C'est donc un magnifique arrangement de fleurs sauvages, installées dans ce que j'ai deviné avoir déjà été une plate-bande en raison des copeaux de cèdre qui s'y trouvaient encore, qui avait stoppé mes pas hier matin. Je n'en revenais tout simplement pas de voir les graminées qui ondulaient derrière de petites fleurs jaunes et bleues que je ne pouvais identifier mais qui se mêlaient à d'autres que je connais comme des cléomes et des campanules. Ces dernières devaient sans doute être des vestiges de l'ancienne plate-bande et, en magnifique ouvrière qu'elle est, Mère Nature les avait tout bonnement incorporées à son oeuvre horticole. Quelle beauté pour les yeux! C'est comme si tout avait été pensé d'avance, les plantes choisies selon leur hauteur et leur couleur. L'arrangement étant situé tout près de la clôture qui mène au Rapibus, je me disais que ce serait bien agréable pour les travailleurs de contempler ce spectacle féérique avant d'entamer leur journée de labeur.
Le coeur en fête et la tête encore remplie des paroles de la chanson de Pierre Bertrand, j'arrive devant ma plate-bande improvisée pour constater avec horreur qu'elle avait été totalement rasée! Il ne restait que des morceaux de tiges, de feuilles et de fleurs sur le trottoir car, bien évidemment, la personne qui avait passé la tondeuse sans même s'arrêter pour voir la beauté, n'avait rien ramassé. Il ne subsistait qu'une pauvre petite cléome sur le bord du trottoir. Comment avait-elle survécu au massacre, je n'en sais trop rien, mais je n'ai pas pu m'empêcher de la caresser doucement avec ma main. Sans doute que des gens bien intentionnés ont trouvé que c'était une fameuse de bonne idée que de nettoyer ce ramassis de plantes en même temps que de tondre la pelouse avoisinante. C'est tellement plus propre, surtout quand on laisse tous les débris sur place comme beaucoup font d'ailleurs en ne balayant jamais les brins de gazon fraîchement coupés qui jonchent le trottoir après la tonte.

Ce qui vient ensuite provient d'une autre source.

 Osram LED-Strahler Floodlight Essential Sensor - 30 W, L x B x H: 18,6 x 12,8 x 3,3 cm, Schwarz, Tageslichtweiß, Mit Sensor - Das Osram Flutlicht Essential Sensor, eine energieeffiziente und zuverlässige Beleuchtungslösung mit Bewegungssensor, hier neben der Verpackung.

Comment vous expliquer que j'ai le coeur triste depuis ce matin? Cela m'a donné un choc de voir une destruction aussi sauvage qu'inutile. En même temps, cet incident est tellement représentatif du peu de cas que nous faisons de bien des choses dans nos vies. Si on prend soin de la chenille qui traverse la route et de la fleur qui pousse au travers d'un mur, on sera plus attentif à l'égard de tout ce qui nous entoure, plus respectueux de la nature qu'on détruit sans vergogne, des animaux qu'on abandonne sans remords, des êtres humains qu'on méprise, qu'on juge et qu'on maltraite. Mais il faut d'abord accepter de voir.